Segundo o Instituto Agronômico de Campinas (IAC), que faz pesquisas científicas para aplicação agrícola, estudos que mostram ter havido atraso na intensificação da estação chuvosa há cerca de 20 anos e uma diminuição de precipitação desde 2012 foram divulgados nos últimos anos por meio de palestras, reuniões e veiculações na imprensa. Os dados não permitiam assegurar que a situação se tornaria severa em 2014, mas as medidas de prevenção já eram conhecidas. O IAC desenvolve, por exemplo, sementes de plantas resistentes ao estresse hídrico e novos sistemas de aplicação de agrotóxicos que poupam 600 milhões de litros de água por dia na cana-de-açúcar. “Estas tecnologias que estão prontas, testadas e com resultados comprovados são divulgadas aos setores de produção, mas a decisão de adotá-las ou não fica a cargo dos produtores”, afirmou por escrito um grupo de pesquisadores do Instituto. “A adoção de novos sistemas agrícolas não ocorre rapidamente. É conhecida a resistência dos agricultores diante da possibilidade da troca de tecnologias.”
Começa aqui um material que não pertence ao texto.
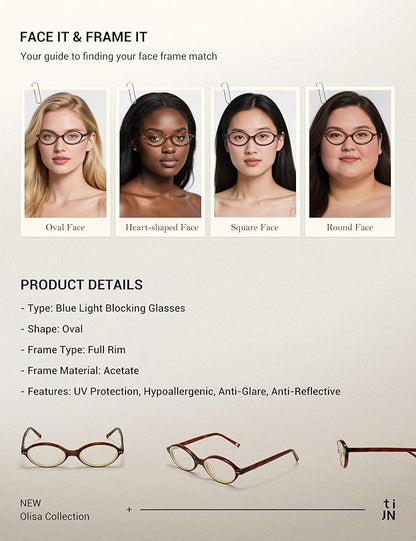 TIJN Olisa Blue Light Blocking Glasses for Women Men,Oval Glasses Frame Bluelight Glasses for Gaming/Computer/Screen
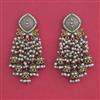 Indo Western Moti Earring With Mehndi Plating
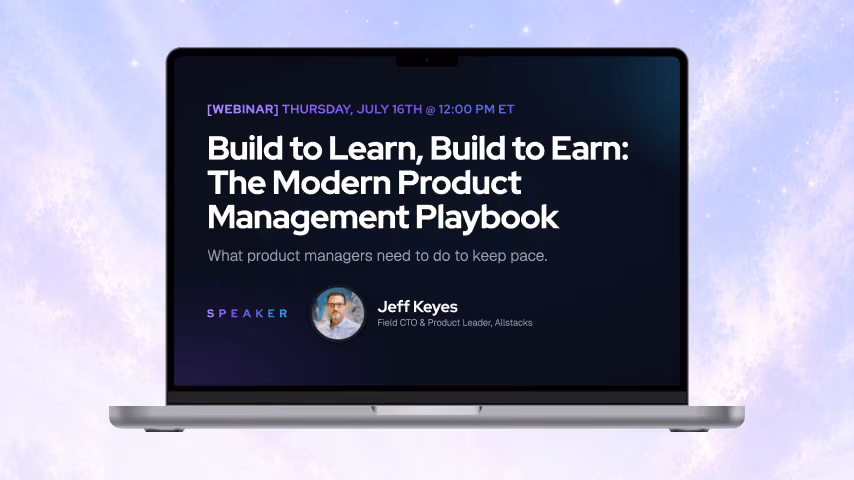 Laptop screen showing webinar titled Build to Learn, Build to Earn by Jeff Keyes on product management.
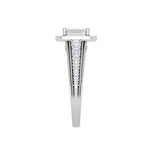 Load image into Gallery viewer, 0.70 cts Emerald Cut Solitaire Halo Diamond Shank Platinum Ring JL PT JRW2824MM   Jewelove.US
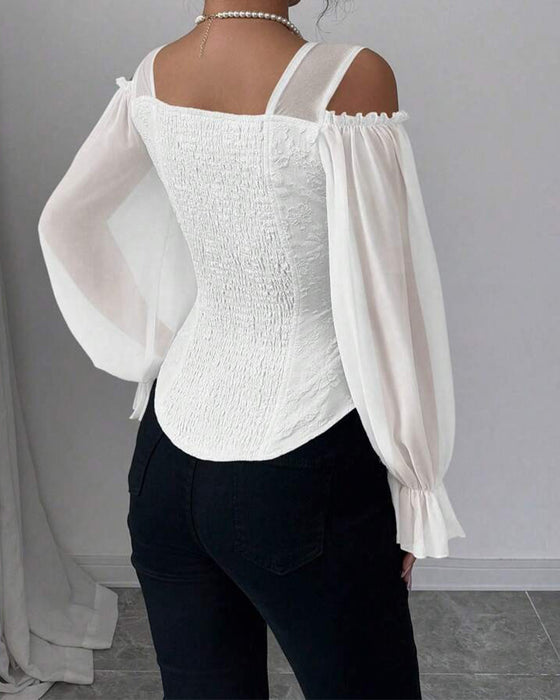Blus Off-Shoulder Lång Ärm Midja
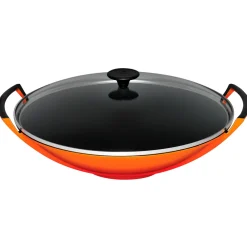 Le Creuset Wokpan Met Glazen Deksel Oranjerood 36 cm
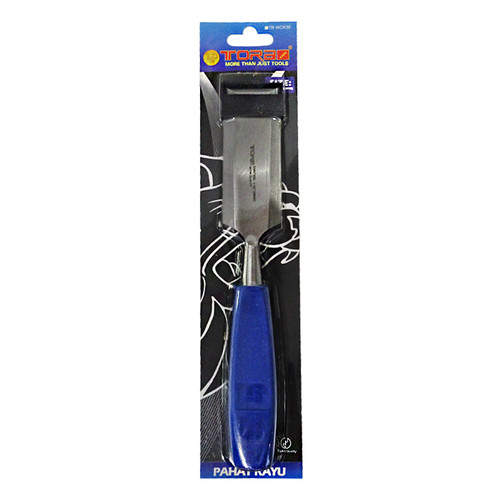 [EZM.1001868] TORA Pahat Kayu Gagang Biru 1 1/2 Inch - Carbon Stell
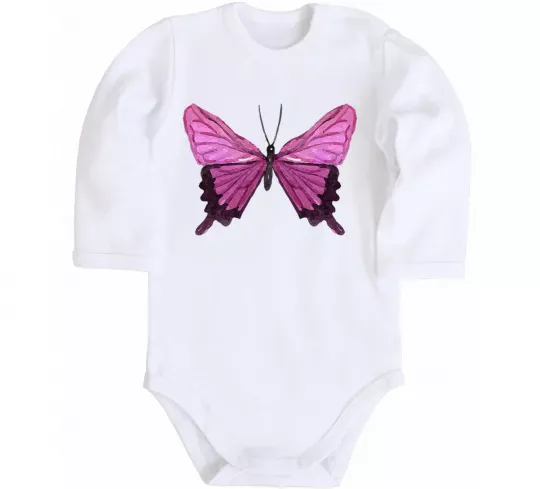Дитячий бодік Фіолетово-рожевий метелик Білий фото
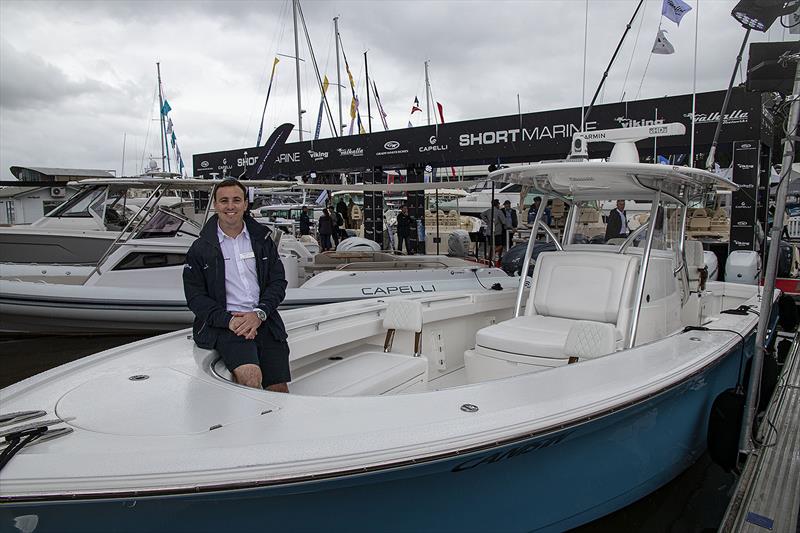 Ryan Short aboard the mighty Valhalla V 37 - even tied to the quay it is begging to go for a blast. - photo © John Curnow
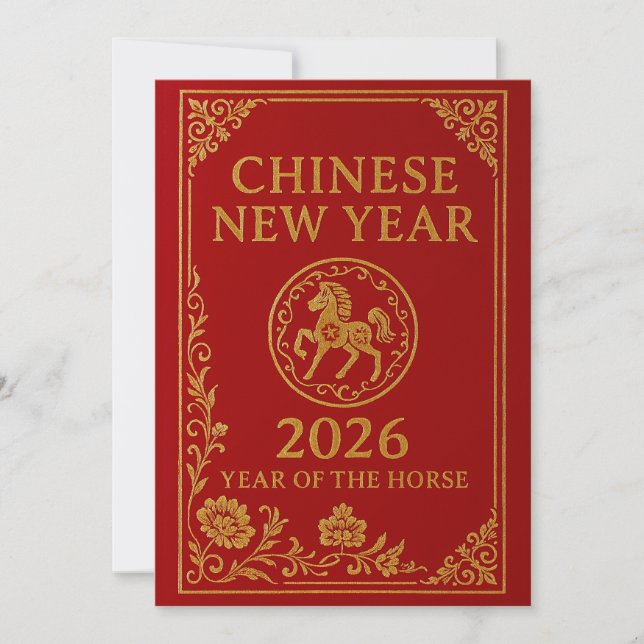 Chinese New Year 2026 - Year of the Horse Holiday Card (Front)
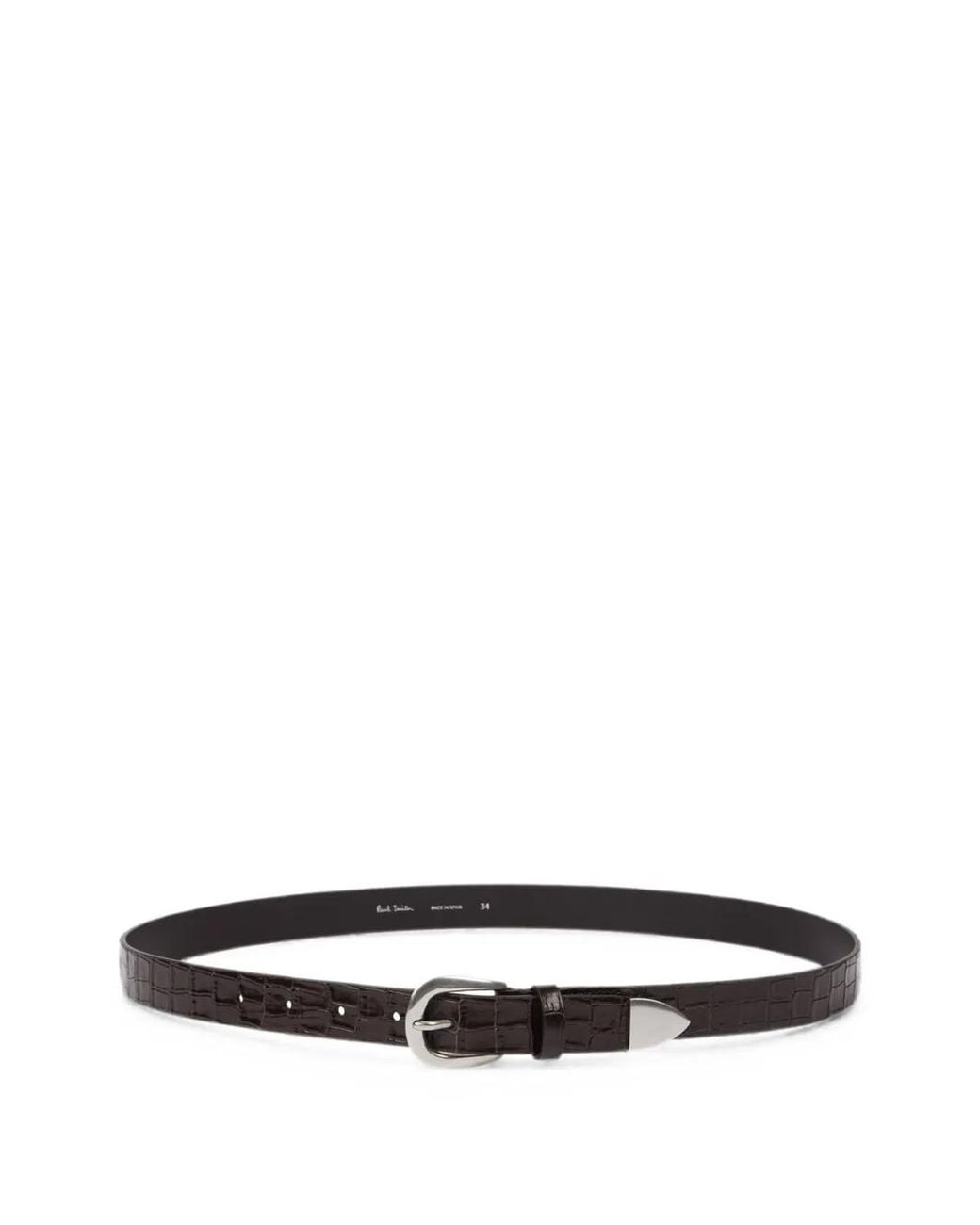 Paul Smith White Crocodile-Effect Leather Belt for men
Em artigo publicado na Folha de S.Paulo em janeiro, o engenheiro agrônomo Luís Fernando Guedes Pinto, do Imaflora, disse que a agricultura é ao mesmo tempo vítima, vilã e salvadora da crise. Vítima porque está perdendo e ainda vai perder muito com a falta d’água; vilã porque não soube funcionar como agente de gestão ambiental; e salvadora porque agora está evidente que ela deve ser protagonista de uma nova fase da gestão dos recursos hídricos. “Hoje quem mais vai atrás do agricultor para dar treinamento são as fabricantes e revendedoras de agrotóxicos”, disse Guedes Pinto à Página22. “A crise vai mostrar que sem preservação ambiental a comida vai ficar mais cara e escassa.”